## Task objective
Set all of the entries down again precisely as they are written.
------ Study material
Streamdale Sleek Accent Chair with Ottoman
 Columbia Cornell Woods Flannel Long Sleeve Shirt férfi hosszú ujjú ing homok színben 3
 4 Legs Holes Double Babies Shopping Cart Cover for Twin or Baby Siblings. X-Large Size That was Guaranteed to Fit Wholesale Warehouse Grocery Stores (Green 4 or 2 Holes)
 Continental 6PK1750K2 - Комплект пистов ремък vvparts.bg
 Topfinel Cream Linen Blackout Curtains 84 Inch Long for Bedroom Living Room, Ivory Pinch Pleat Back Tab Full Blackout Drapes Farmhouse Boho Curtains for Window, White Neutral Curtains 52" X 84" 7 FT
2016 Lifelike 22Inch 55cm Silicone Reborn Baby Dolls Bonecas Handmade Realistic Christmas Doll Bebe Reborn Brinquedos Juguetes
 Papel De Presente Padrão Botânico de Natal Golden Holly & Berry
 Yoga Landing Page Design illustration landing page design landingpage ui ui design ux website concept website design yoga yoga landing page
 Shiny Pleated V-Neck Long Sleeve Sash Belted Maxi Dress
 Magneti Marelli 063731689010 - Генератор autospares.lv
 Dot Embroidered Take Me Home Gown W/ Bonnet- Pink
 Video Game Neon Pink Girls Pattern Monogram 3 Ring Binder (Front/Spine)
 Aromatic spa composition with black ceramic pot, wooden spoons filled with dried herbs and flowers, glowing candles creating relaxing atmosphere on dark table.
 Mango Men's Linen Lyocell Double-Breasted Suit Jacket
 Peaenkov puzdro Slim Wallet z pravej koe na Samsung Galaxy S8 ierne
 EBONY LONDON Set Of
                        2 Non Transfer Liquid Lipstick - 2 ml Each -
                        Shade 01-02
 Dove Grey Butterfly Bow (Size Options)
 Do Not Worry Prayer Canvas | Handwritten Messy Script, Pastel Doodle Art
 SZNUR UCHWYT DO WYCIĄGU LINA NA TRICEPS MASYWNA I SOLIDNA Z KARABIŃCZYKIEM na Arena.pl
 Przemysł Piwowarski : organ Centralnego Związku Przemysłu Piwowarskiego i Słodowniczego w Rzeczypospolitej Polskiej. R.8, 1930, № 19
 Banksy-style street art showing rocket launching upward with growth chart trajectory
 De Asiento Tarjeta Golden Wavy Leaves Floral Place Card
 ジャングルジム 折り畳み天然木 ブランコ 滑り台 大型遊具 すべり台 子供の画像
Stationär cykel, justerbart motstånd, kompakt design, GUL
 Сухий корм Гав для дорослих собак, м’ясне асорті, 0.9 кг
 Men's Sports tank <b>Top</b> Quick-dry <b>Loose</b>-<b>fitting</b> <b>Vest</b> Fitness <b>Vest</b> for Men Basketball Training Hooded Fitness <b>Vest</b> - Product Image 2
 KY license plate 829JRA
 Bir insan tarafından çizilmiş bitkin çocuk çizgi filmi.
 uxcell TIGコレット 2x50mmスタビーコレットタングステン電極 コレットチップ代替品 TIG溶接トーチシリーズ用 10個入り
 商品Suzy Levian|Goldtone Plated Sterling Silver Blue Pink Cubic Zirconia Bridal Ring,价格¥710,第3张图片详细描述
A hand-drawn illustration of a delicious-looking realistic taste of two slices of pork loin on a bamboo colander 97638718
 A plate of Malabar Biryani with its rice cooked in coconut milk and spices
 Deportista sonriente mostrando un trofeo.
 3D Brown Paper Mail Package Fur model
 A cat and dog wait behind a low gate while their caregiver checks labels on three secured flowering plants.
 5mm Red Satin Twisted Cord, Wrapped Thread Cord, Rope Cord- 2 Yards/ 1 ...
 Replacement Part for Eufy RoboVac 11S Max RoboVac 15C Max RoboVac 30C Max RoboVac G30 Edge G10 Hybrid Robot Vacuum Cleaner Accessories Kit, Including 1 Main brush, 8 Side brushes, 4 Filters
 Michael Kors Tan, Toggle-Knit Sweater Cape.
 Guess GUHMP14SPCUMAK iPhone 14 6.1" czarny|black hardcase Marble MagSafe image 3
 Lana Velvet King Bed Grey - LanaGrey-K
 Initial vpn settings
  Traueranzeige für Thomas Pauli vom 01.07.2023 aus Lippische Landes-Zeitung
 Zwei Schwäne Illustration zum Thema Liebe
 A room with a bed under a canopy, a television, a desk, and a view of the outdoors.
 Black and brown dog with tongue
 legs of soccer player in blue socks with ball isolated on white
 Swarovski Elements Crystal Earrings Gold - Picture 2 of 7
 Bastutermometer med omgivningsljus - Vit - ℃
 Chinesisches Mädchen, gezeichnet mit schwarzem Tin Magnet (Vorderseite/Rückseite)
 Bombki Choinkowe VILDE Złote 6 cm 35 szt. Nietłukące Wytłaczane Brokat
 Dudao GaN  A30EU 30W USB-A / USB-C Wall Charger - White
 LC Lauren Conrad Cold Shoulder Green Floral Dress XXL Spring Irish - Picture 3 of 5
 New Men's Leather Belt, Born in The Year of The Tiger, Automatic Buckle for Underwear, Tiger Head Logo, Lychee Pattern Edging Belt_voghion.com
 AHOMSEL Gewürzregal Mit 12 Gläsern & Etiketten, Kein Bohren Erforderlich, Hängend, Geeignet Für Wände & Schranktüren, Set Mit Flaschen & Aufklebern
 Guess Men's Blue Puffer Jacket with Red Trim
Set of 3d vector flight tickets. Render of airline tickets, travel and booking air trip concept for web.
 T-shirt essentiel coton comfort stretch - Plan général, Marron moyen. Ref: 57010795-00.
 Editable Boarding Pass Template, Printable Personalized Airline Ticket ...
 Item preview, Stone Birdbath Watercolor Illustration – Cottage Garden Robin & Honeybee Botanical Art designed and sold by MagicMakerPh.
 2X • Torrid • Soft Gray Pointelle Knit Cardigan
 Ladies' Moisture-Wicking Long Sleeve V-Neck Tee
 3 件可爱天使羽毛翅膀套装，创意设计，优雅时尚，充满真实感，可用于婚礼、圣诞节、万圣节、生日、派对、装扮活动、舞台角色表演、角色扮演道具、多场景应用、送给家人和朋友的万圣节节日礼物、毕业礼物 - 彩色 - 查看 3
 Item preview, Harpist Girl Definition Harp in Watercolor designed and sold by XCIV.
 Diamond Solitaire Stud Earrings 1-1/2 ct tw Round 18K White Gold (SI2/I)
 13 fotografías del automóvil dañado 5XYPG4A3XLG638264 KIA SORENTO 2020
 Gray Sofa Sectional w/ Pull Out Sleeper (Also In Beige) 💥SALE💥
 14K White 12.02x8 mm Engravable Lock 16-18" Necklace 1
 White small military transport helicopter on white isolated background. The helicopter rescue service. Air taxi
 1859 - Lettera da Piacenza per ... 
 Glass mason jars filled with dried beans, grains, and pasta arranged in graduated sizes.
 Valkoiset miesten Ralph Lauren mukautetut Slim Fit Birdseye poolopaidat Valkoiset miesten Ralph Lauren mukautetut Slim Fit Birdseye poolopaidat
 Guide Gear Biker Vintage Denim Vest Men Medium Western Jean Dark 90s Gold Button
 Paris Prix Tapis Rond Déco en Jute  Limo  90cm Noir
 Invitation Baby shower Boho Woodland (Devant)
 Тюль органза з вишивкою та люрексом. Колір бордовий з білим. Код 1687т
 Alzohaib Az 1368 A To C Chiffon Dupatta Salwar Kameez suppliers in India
------------
## Solved problem
Streamdale Sleek Accent Chair with Ottoman
 Columbia Cornell Woods Flannel Long Sleeve Shirt férfi hosszú ujjú ing homok színben 3
 4 Legs Holes Double Babies Shopping Cart Cover for Twin or Baby Siblings. X-Large Size That was Guaranteed to Fit Wholesale Warehouse Grocery Stores (Green 4 or 2 Holes)
 Continental 6PK1750K2 - Комплект пистов ремък vvparts.bg
 Topfinel Cream Linen Blackout Curtains 84 Inch Long for Bedroom Living Room, Ivory Pinch Pleat Back Tab Full Blackout Drapes Farmhouse Boho Curtains for Window, White Neutral Curtains 52" X 84" 7 FT
2016 Lifelike 22Inch 55cm Silicone Reborn Baby Dolls Bonecas Handmade Realistic Christmas Doll Bebe Reborn Brinquedos Juguetes
 Papel De Presente Padrão Botânico de Natal Golden Holly & Berry
 Yoga Landing Page Design illustration landing page design landingpage ui ui design ux website concept website design yoga yoga landing page
 Shiny Pleated V-Neck Long Sleeve Sash Belted Maxi Dress
 Magneti Marelli 063731689010 - Генератор autospares.lv
 Dot Embroidered Take Me Home Gown W/ Bonnet- Pink
 Video Game Neon Pink Girls Pattern Monogram 3 Ring Binder (Front/Spine)
 Aromatic spa composition with black ceramic pot, wooden spoons filled with dried herbs and flowers, glowing candles creating relaxing atmosphere on dark table.
 Mango Men's Linen Lyocell Double-Breasted Suit Jacket
 Peaenkov puzdro Slim Wallet z pravej koe na Samsung Galaxy S8 ierne
 EBONY LONDON Set Of
                        2 Non Transfer Liquid Lipstick - 2 ml Each -
                        Shade 01-02
 Dove Grey Butterfly Bow (Size Options)
 Do Not Worry Prayer Canvas | Handwritten Messy Script, Pastel Doodle Art
 SZNUR UCHWYT DO WYCIĄGU LINA NA TRICEPS MASYWNA I SOLIDNA Z KARABIŃCZYKIEM na Arena.pl
 Przemysł Piwowarski : organ Centralnego Związku Przemysłu Piwowarskiego i Słodowniczego w Rzeczypospolitej Polskiej. R.8, 1930, № 19
 Banksy-style street art showing rocket launching upward with growth chart trajectory
 De Asiento Tarjeta Golden Wavy Leaves Floral Place Card
 ジャングルジム 折り畳み天然木 ブランコ 滑り台 大型遊具 すべり台 子供の画像
Stationär cykel, justerbart motstånd, kompakt design, GUL
 Сухий корм Гав для дорослих собак, м’ясне асорті, 0.9 кг
 Men's Sports tank <b>Top</b> Quick-dry <b>Loose</b>-<b>fitting</b> <b>Vest</b> Fitness <b>Vest</b> for Men Basketball Training Hooded Fitness <b>Vest</b> - Product Image 2
 KY license plate 829JRA
 Bir insan tarafından çizilmiş bitkin çocuk çizgi filmi.
 uxcell TIGコレット 2x50mmスタビーコレットタングステン電極 コレットチップ代替品 TIG溶接トーチシリーズ用 10個入り
 商品Suzy Levian|Goldtone Plated Sterling Silver Blue Pink Cubic Zirconia Bridal Ring,价格¥710,第3张图片详细描述
A hand-drawn illustration of a delicious-looking realistic taste of two slices of pork loin on a bamboo colander 97638718
 A plate of Malabar Biryani with its rice cooked in coconut milk and spices
 Deportista sonriente mostrando un trofeo.
 3D Brown Paper Mail Package Fur model
 A cat and dog wait behind a low gate while their caregiver checks labels on three secured flowering plants.
 5mm Red Satin Twisted Cord, Wrapped Thread Cord, Rope Cord- 2 Yards/ 1 ...
 Replacement Part for Eufy RoboVac 11S Max RoboVac 15C Max RoboVac 30C Max RoboVac G30 Edge G10 Hybrid Robot Vacuum Cleaner Accessories Kit, Including 1 Main brush, 8 Side brushes, 4 Filters
 Michael Kors Tan, Toggle-Knit Sweater Cape.
 Guess GUHMP14SPCUMAK iPhone 14 6.1" czarny|black hardcase Marble MagSafe image 3
 Lana Velvet King Bed Grey - LanaGrey-K
 Initial vpn settings
  Traueranzeige für Thomas Pauli vom 01.07.2023 aus Lippische Landes-Zeitung
 Zwei Schwäne Illustration zum Thema Liebe
 A room with a bed under a canopy, a television, a desk, and a view of the outdoors.
 Black and brown dog with tongue
 legs of soccer player in blue socks with ball isolated on white
 Swarovski Elements Crystal Earrings Gold - Picture 2 of 7
 Bastutermometer med omgivningsljus - Vit - ℃
 Chinesisches Mädchen, gezeichnet mit schwarzem Tin Magnet (Vorderseite/Rückseite)
 Bombki Choinkowe VILDE Złote 6 cm 35 szt. Nietłukące Wytłaczane Brokat
 Dudao GaN  A30EU 30W USB-A / USB-C Wall Charger - White
 LC Lauren Conrad Cold Shoulder Green Floral Dress XXL Spring Irish - Picture 3 of 5
 New Men's Leather Belt, Born in The Year of The Tiger, Automatic Buckle for Underwear, Tiger Head Logo, Lychee Pattern Edging Belt_voghion.com
 AHOMSEL Gewürzregal Mit 12 Gläsern & Etiketten, Kein Bohren Erforderlich, Hängend, Geeignet Für Wände & Schranktüren, Set Mit Flaschen & Aufklebern
 Guess Men's Blue Puffer Jacket with Red Trim
Set of 3d vector flight tickets. Render of airline tickets, travel and booking air trip concept for web.
 T-shirt essentiel coton comfort stretch - Plan général, Marron moyen. Ref: 57010795-00.
 Editable Boarding Pass Template, Printable Personalized Airline Ticket ...
 Item preview, Stone Birdbath Watercolor Illustration – Cottage Garden Robin & Honeybee Botanical Art designed and sold by MagicMakerPh.
 2X • Torrid • Soft Gray Pointelle Knit Cardigan
 Ladies' Moisture-Wicking Long Sleeve V-Neck Tee
 3 件可爱天使羽毛翅膀套装，创意设计，优雅时尚，充满真实感，可用于婚礼、圣诞节、万圣节、生日、派对、装扮活动、舞台角色表演、角色扮演道具、多场景应用、送给家人和朋友的万圣节节日礼物、毕业礼物 - 彩色 - 查看 3
 Item preview, Harpist Girl Definition Harp in Watercolor designed and sold by XCIV.
 Diamond Solitaire Stud Earrings 1-1/2 ct tw Round 18K White Gold (SI2/I)
 13 fotografías del automóvil dañado 5XYPG4A3XLG638264 KIA SORENTO 2020
 Gray Sofa Sectional w/ Pull Out Sleeper (Also In Beige) 💥SALE💥
 14K White 12.02x8 mm Engravable Lock 16-18" Necklace 1
 White small military transport helicopter on white isolated background. The helicopter rescue service. Air taxi
 1859 - Lettera da Piacenza per ... 
 Glass mason jars filled with dried beans, grains, and pasta arranged in graduated sizes.
 Valkoiset miesten Ralph Lauren mukautetut Slim Fit Birdseye poolopaidat Valkoiset miesten Ralph Lauren mukautetut Slim Fit Birdseye poolopaidat
 Guide Gear Biker Vintage Denim Vest Men Medium Western Jean Dark 90s Gold Button
 Paris Prix Tapis Rond Déco en Jute  Limo  90cm Noir
 Invitation Baby shower Boho Woodland (Devant)
 Тюль органза з вишивкою та люрексом. Колір бордовий з білим. Код 1687т
 Alzohaib Az 1368 A To C Chiffon Dupatta Salwar Kameez suppliers in India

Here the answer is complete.